Data for the task:
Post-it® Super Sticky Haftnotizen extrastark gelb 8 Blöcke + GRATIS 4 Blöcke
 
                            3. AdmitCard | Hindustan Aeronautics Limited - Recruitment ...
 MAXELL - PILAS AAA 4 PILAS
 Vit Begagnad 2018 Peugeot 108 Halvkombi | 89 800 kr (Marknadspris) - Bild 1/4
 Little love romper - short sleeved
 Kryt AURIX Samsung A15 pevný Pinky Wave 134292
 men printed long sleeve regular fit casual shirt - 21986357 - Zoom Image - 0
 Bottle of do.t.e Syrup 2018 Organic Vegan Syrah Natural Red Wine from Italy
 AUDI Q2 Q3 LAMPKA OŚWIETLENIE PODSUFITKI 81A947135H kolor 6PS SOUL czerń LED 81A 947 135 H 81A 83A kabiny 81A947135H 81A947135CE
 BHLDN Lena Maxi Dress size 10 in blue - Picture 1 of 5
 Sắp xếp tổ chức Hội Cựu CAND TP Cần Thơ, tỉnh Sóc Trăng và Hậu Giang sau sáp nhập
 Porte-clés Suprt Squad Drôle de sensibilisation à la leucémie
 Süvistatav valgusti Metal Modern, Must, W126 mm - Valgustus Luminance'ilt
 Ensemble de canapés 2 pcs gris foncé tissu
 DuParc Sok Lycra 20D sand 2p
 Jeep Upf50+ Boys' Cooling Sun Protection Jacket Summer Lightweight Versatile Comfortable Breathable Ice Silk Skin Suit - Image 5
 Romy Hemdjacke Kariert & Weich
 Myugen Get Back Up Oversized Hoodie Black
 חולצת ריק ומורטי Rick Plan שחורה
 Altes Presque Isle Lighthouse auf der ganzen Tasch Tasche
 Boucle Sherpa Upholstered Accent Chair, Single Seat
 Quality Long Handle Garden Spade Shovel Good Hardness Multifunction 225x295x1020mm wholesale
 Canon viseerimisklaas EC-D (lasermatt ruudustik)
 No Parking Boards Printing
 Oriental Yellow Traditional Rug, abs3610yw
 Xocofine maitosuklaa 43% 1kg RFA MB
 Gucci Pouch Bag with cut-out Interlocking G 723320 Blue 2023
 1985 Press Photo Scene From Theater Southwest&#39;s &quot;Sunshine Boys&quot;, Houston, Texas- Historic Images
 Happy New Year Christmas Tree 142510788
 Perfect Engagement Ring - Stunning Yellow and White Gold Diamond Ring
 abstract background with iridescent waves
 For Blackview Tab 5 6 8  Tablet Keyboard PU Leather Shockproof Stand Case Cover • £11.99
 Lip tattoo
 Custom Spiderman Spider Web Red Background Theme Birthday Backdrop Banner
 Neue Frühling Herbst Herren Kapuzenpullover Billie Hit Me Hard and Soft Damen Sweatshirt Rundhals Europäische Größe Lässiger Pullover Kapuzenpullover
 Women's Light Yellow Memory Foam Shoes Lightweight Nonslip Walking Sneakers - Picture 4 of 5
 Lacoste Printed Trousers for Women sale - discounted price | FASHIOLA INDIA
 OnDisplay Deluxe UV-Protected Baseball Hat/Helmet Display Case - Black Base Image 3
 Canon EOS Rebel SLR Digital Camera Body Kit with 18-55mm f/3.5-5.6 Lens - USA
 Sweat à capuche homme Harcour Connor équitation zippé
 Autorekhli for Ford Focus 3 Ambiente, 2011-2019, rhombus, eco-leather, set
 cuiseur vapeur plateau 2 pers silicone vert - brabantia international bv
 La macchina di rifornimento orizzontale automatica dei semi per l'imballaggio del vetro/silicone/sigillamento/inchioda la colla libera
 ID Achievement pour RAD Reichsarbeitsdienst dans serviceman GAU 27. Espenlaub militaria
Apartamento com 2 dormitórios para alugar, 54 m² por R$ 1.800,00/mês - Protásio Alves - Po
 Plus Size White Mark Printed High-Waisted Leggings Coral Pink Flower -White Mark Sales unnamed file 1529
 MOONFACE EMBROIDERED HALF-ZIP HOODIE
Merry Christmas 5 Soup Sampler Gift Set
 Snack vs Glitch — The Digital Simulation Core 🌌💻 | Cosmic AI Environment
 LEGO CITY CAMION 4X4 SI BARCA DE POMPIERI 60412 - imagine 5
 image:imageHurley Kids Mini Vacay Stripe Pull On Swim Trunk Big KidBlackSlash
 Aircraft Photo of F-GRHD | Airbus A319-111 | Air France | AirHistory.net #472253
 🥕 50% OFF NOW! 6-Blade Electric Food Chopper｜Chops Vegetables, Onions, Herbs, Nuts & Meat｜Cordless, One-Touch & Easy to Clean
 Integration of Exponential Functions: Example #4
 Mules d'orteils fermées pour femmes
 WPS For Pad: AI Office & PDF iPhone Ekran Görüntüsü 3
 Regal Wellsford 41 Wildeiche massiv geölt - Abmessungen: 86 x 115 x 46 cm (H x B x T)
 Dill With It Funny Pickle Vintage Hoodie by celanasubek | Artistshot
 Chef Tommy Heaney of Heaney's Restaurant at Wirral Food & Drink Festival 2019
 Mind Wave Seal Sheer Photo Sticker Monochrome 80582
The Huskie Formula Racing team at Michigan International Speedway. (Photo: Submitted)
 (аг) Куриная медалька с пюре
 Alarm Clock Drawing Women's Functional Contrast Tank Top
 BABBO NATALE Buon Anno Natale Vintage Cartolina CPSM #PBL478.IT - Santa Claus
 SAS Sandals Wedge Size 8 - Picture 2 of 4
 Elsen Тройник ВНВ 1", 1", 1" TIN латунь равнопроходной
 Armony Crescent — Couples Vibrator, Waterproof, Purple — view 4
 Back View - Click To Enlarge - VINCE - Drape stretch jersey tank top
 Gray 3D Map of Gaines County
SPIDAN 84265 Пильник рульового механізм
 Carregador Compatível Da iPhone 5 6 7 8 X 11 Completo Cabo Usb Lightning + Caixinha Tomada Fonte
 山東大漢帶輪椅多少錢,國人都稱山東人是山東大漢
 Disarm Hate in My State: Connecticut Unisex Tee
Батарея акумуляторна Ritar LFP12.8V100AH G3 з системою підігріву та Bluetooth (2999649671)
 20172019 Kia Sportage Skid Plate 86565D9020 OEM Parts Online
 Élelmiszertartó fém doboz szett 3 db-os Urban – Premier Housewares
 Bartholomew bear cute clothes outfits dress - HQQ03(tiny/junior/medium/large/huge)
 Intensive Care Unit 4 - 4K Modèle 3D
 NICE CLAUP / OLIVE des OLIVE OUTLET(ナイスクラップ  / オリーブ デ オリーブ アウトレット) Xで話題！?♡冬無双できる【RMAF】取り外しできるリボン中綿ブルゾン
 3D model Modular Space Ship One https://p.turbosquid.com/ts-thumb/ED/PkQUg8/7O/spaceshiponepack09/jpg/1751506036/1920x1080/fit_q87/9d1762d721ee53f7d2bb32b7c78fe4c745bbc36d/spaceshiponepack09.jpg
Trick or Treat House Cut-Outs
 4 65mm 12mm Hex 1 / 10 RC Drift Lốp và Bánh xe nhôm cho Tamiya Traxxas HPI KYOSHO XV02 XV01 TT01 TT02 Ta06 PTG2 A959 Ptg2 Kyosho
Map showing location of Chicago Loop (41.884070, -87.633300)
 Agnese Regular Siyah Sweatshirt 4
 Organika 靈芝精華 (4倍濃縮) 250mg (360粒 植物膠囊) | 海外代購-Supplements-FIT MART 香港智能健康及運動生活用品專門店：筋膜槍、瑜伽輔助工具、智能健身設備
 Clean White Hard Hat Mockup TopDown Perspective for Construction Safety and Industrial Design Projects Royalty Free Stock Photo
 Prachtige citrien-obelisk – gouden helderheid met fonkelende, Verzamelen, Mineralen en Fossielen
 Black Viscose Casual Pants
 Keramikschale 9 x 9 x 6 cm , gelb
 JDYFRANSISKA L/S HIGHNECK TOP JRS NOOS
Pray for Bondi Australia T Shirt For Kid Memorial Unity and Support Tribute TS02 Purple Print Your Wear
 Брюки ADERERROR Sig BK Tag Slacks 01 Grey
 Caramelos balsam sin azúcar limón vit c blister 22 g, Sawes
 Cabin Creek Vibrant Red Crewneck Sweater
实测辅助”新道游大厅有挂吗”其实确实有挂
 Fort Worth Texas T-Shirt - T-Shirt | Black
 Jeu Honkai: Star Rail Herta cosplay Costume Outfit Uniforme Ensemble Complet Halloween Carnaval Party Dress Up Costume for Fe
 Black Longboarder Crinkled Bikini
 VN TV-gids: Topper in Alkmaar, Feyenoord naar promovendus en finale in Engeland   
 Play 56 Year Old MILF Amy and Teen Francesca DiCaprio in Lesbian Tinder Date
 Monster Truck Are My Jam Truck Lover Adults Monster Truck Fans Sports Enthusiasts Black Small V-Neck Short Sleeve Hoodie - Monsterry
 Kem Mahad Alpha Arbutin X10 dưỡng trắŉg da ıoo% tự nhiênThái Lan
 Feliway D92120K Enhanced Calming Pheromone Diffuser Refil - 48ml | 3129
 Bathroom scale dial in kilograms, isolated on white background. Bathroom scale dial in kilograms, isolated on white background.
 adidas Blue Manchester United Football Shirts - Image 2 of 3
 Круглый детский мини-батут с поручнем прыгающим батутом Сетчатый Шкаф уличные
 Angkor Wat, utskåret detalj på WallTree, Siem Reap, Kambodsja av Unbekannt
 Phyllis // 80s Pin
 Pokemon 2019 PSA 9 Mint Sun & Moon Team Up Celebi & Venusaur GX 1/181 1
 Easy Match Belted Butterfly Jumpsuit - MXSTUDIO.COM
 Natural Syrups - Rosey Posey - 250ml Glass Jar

Brief: Work out how many lines above contain the word "Women". Give only the number.

Problem solution: 3